#### [TASK ITEM]
Copy the data below exactly, but not the pictures it contains.
STORED DATA Block Start
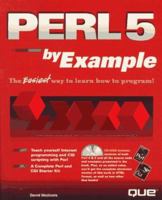 Perl 5 by Example 0789708663 Book Cover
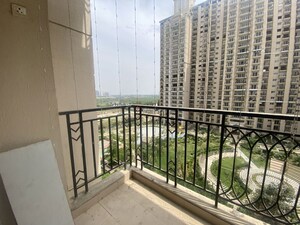 Balcony in 4 BHK Apartment at ATS Le Grandiose, Sector 150 – for Sale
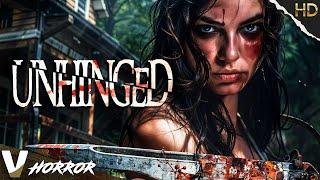 In the depths of the woods, evil awaits | Unhinged | Full Horror Movie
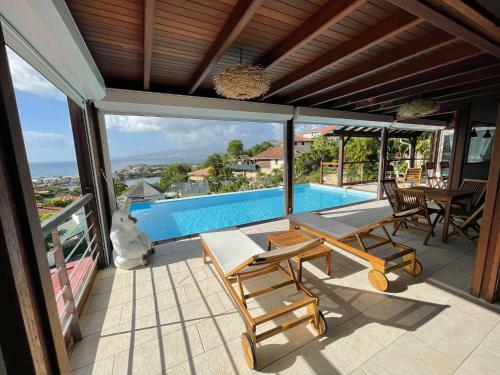 Apartamento Le Duplex Des Bougainvilliers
STORED DATA Block End
#### [TASK RESPONSE]
 Perl 5 by Example 0789708663 Book Cover
 Balcony in 4 BHK Apartment at ATS Le Grandiose, Sector 150 – for Sale
 In the depths of the woods, evil awaits | Unhinged | Full Horror Movie
 Apartamento Le Duplex Des Bougainvilliers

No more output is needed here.